• _RECORDED INFORMATION_:
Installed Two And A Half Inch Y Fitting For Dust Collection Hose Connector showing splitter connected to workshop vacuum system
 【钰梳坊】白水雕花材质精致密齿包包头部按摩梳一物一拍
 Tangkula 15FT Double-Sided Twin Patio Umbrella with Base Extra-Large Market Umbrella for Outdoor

• _WHAT TO PRODUCE_:
Copy the listing word for word.

• _RESULT OF THIS EXERCISE_:
Installed Two And A Half Inch Y Fitting For Dust Collection Hose Connector showing splitter connected to workshop vacuum system
 【钰梳坊】白水雕花材质精致密齿包包头部按摩梳一物一拍
 Tangkula 15FT Double-Sided Twin Patio Umbrella with Base Extra-Large Market Umbrella for Outdoor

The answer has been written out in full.